_What this task involves:_
For this exercise, return only the lines in the records below from the one holding "Modern Family – S08E20 – Soci in affari" through the one holding "2025 Toyota Camry XSE photo 13", including both, exactly as they appear and without pictures.

_Records provided:_
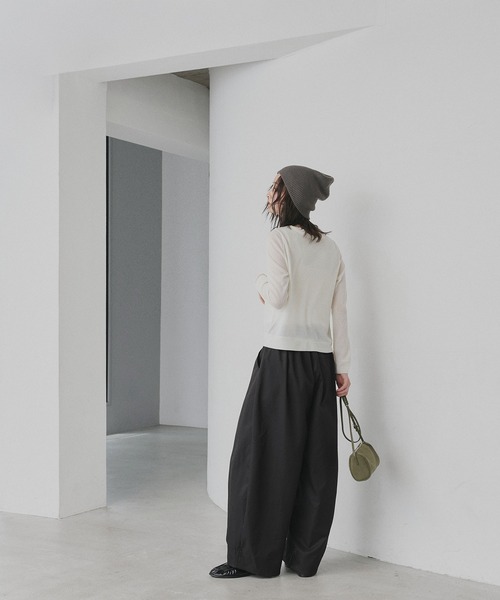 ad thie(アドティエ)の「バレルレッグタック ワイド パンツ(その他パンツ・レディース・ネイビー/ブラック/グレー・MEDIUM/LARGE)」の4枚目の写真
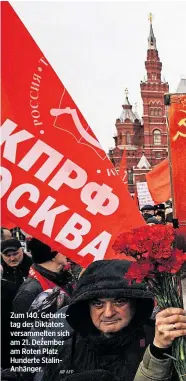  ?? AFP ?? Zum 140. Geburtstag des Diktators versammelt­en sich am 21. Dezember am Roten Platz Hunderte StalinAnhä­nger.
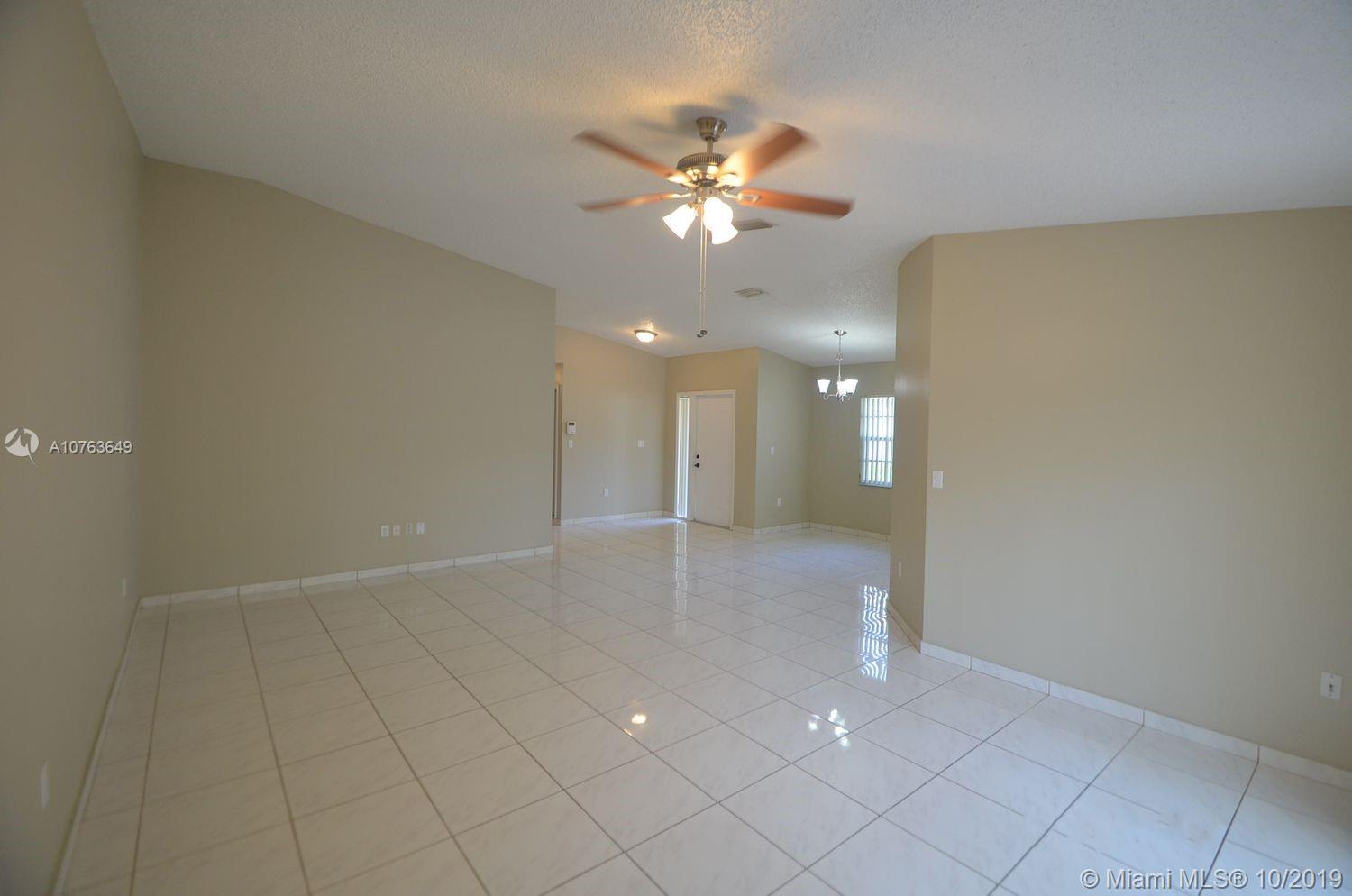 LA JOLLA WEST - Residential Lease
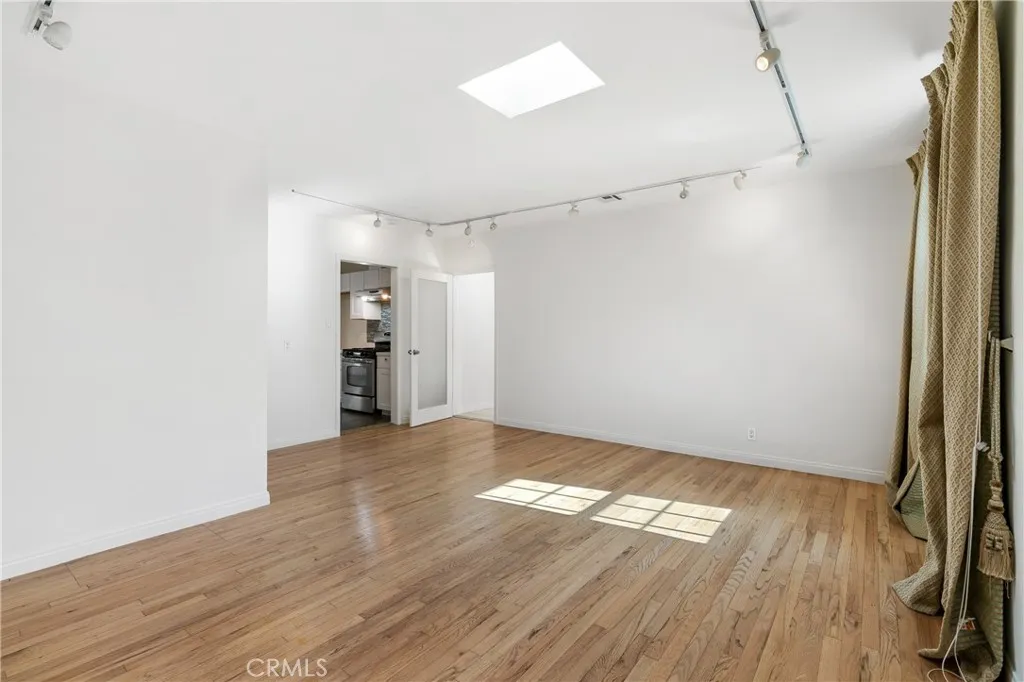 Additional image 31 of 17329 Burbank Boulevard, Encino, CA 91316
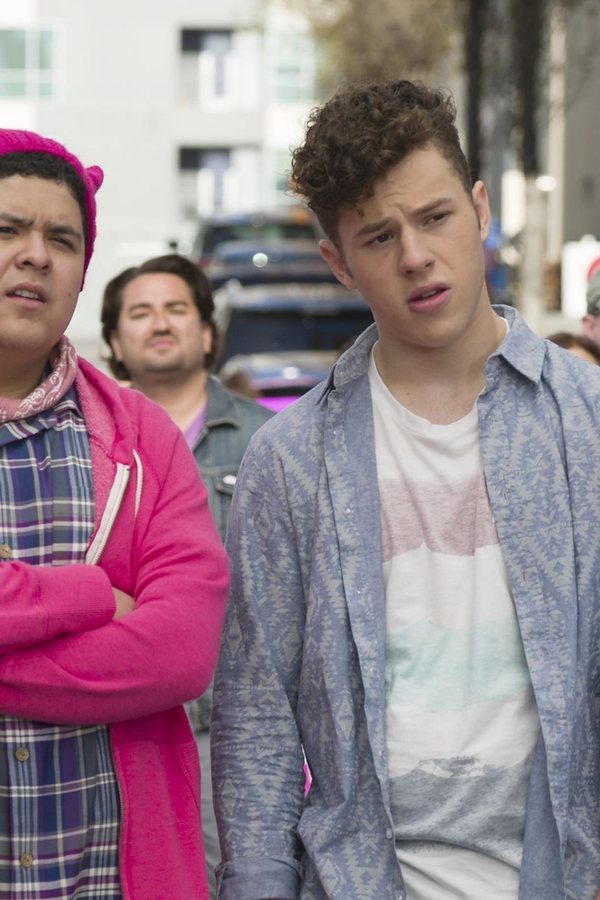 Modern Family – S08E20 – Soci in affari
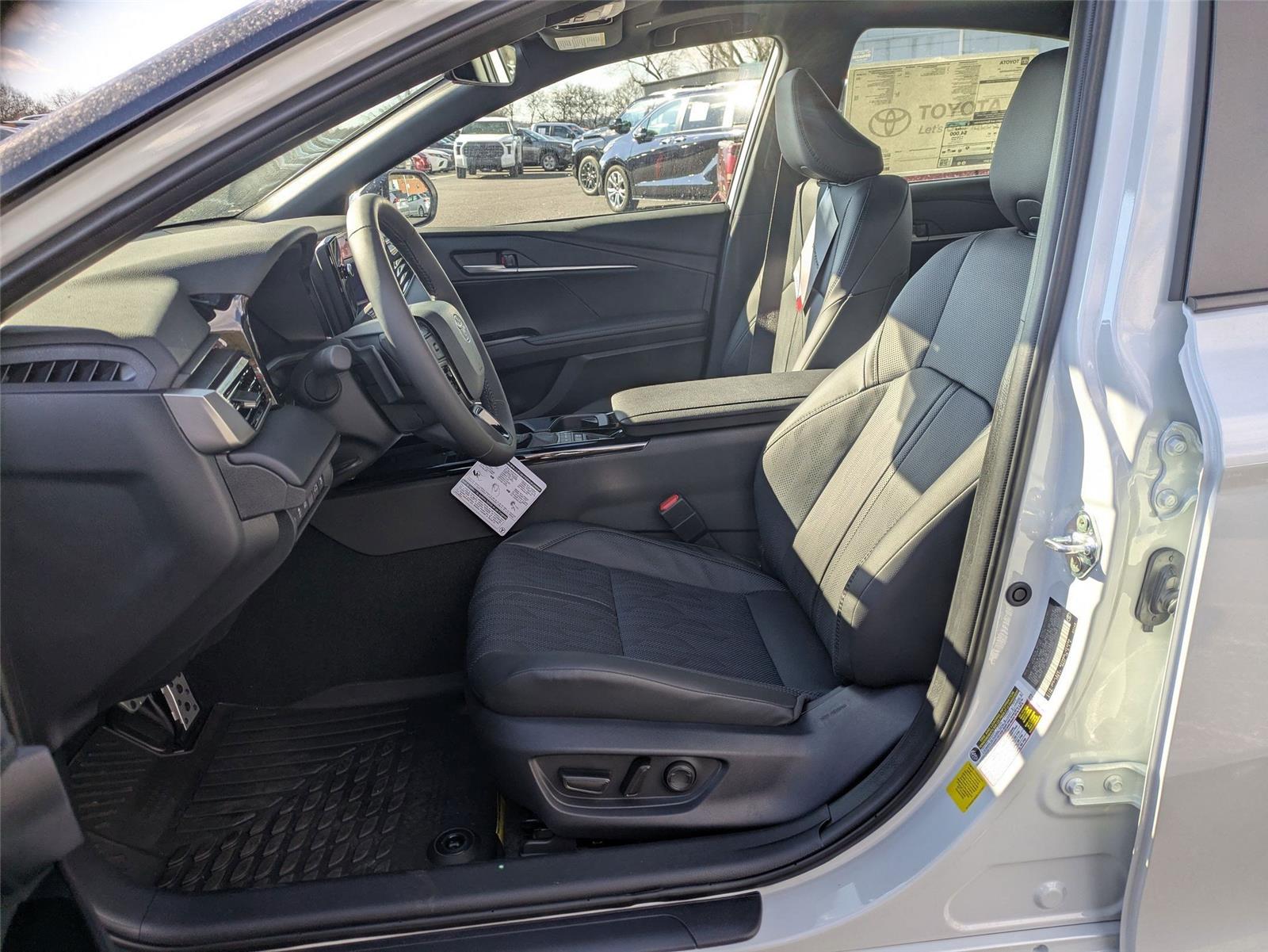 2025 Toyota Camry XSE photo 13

* * *

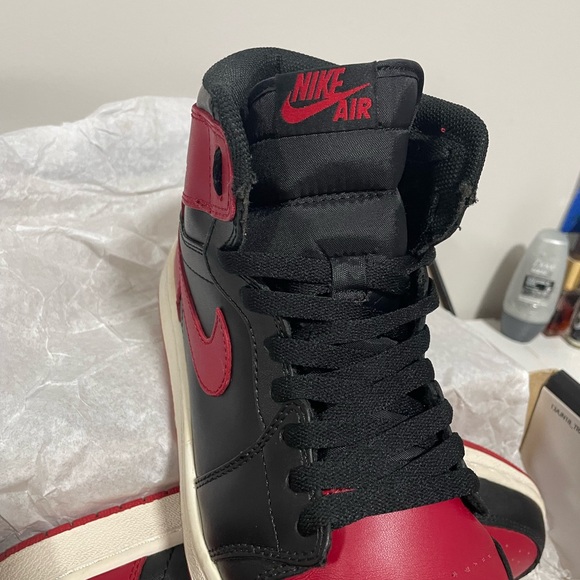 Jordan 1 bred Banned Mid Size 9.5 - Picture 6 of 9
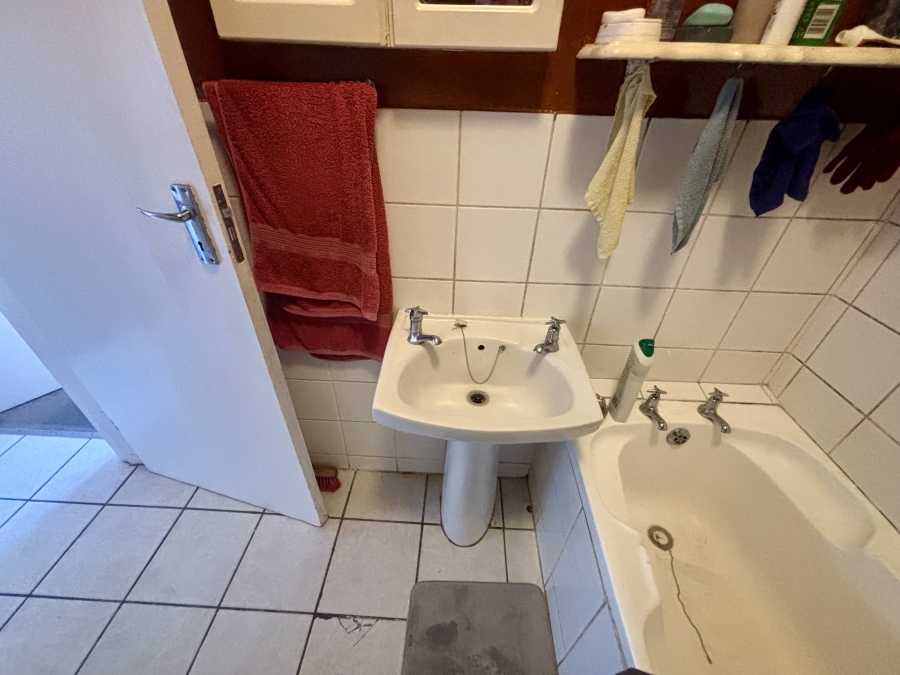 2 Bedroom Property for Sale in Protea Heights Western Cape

_Answer section:_
 Modern Family – S08E20 – Soci in affari
 2025 Toyota Camry XSE photo 13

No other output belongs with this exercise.